Certainly the most elusive of all of the characters in the Family saga, Jim King was a vital ingredient of the early Family recipe. And by parting company with the band, he in effect, closed a chapter in the band’s arguable legacy. Back when John “Charlie” Whitney formed the Farinas at Leicester Art College in 1962, Jim King was the front man with vocals, saxophone and blues harp. As with countless other bands at the time. R & B and blues was there thing, and in 1964 they got one single on the Fontana label. “You’d Better Stop” was a vanilla-ized blues in the style of the Yardbirds. It was backed with the New Orleans sound of Chris Kenner’s “I Like It Like That”, (again covered by the Dave Clark five two years later). I’ve never heard the flipside, but on side I, King plays harp just as well as Relf or Jagger. The single failed to make any impact, but it did allow them to travel out of the Midlands and down to London, to get their first taste of clubs like Middle Earth and the Speakeasy. A New Musical Express article from 1972 remembers King: “the legendary local vocalist Jim King who dressed in old army greatcoat, trilby hat and played harmonica on stage with the Farinas. A prototype Ian Anderson …. ” When Ric Grech was hired in 1965, and Roger Chapman in 1966. the band had three vocalists at their disposal. Whitney has said that they were able to do “kind of a James Brown thing” since Chappo could also play a bit of sax. Jim did most of the blues covers they were doing, while Chappo became more of a presence as they began to write originals. Within these originals King really stretched out melodically. The colorings of sound he provided helped to transform “The Family” from a clubbing group to real progressives on the scene. One of the best examples of this is the saxophone line in Family’s debut single “Scene Through the Eye of a Lens”. The song begins as a pastoral acoustic number augmented by a melodic soprano sax, which gently laps like small waves on the shore … The second half of the song gives way to a menacing rock section with some strange vocal incantations. Then the same simple sax line returns, but now the melody is insistent, edgy, and almost dangerous in context to what the song has become. And that pretty much describes what musical contributions King made to the band on their first two long-players, Music in a Doll’s House and Family Entertainment… accents and flourishes that round out the character of each song.

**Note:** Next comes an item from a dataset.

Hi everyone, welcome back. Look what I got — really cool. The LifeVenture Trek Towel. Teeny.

The hair-raising falsetto was an extra trait of his that was featured in “Gypsy Woman, “The Chase” (to frightening effect), “Old Songs New Songs” (transfornling the song into a hymn of sorts). and ” Peace of Mind”. Equally culling were his chops on harmonica, like on “Old Songs New Songs” and “See Through Windows”. And saxophone is heard on almost every other song.

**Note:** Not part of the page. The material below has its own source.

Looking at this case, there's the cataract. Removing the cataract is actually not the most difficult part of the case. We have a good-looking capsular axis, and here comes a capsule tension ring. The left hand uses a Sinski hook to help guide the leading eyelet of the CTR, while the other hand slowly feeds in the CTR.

When it came time to cut the follow-up, Family Entertainment, the band were now somewhat on their own, without the guiding hand of Dave Mason in the studio. To make things worse, their manager had the final mixing done while they were on tour, so it cannot be said that Entertainment was the definitive sound for which they were looking. In some ways, Jim King’s role began to change as Family dropped the less-matured copycat sounds of the first album. On the album his is credited with some piano, but no vocals (even though he can be heard on one track). Also, in two songs (“‘The Weaver’s Answer” and ” Hung Up Down”) there is some piercing piccolo, but I can’t tell if that is from a hired hand or not. Saxwise, he does some amazingly diverse bits throughout; “The Weaver’s Answer” has a smoky pure jazz solo, while “Summer ’67” features a
Klezmerlike tone. Both ” How-Hi-the-Li” and “Processions” are more catering to his style, where he can accompany and float on top. ” From Past Archives” is a rich album track with a number of sections. King opens it with some campfire harmonica, and takes a soprano solo that sounds like clarinet. “Dim” is probably his biggest moment on the album, full of his lighthearted blues harp playing. Finally, ” Emotions” is a final testament to the man, where he gets to belt out his falsetto one last time, and the doubled piano playing (King and Charlie Whitney) take up the bulk of the song. Jim King was still in the band as they prepared songs for their third album, which became A Song For Me. Early versions of “Drowned in Wine”, “Love is a Sleeper”, “Wheels”, and even Anyway‘s “Holding the Compass” were performed on radio spots from 1969. The big horn lines might indicate that as Family condensed into an unadorned band ready to jam, they were still writing with Jim in mind. Following the release of the band’s October 1969 single, “No Mule’s Fool/Good Friend of Mine”, it was decided that King was not fit to continue. What was described as “erratic behavior” probably came down to health reasons. Jim King’s old friend Poli Palmer was chosen to replace him … an odd move since the closest Poli came to wind instruments was flute and that was a lesser ability of his. Vibraphone can be heard on the B-side of that last single. but it is not clear if that is Poli (probably is). Thus when it came to the recording of A Song For Me in late 1969, in many cases Poli Palmer’s flute was overdubbed exactly in the places where King would have playing. His only other recorded musical appearance was on Gordon Jackson’s Looking Back album of 1969, which had many other folks from the scene (including Ric Grech). It is written in a few places that after Family, Jim popped up in a band called Ring of Truth, but there is no other info for that. Some Family followers were able to contact him in the late 90s; Dave Eames actually bumped into him at a Chappo concert, and Mick White spoke to him for the upcoming Family biography. He was still doing some music compositional, concentrating on jazz (chromatic) harmonica.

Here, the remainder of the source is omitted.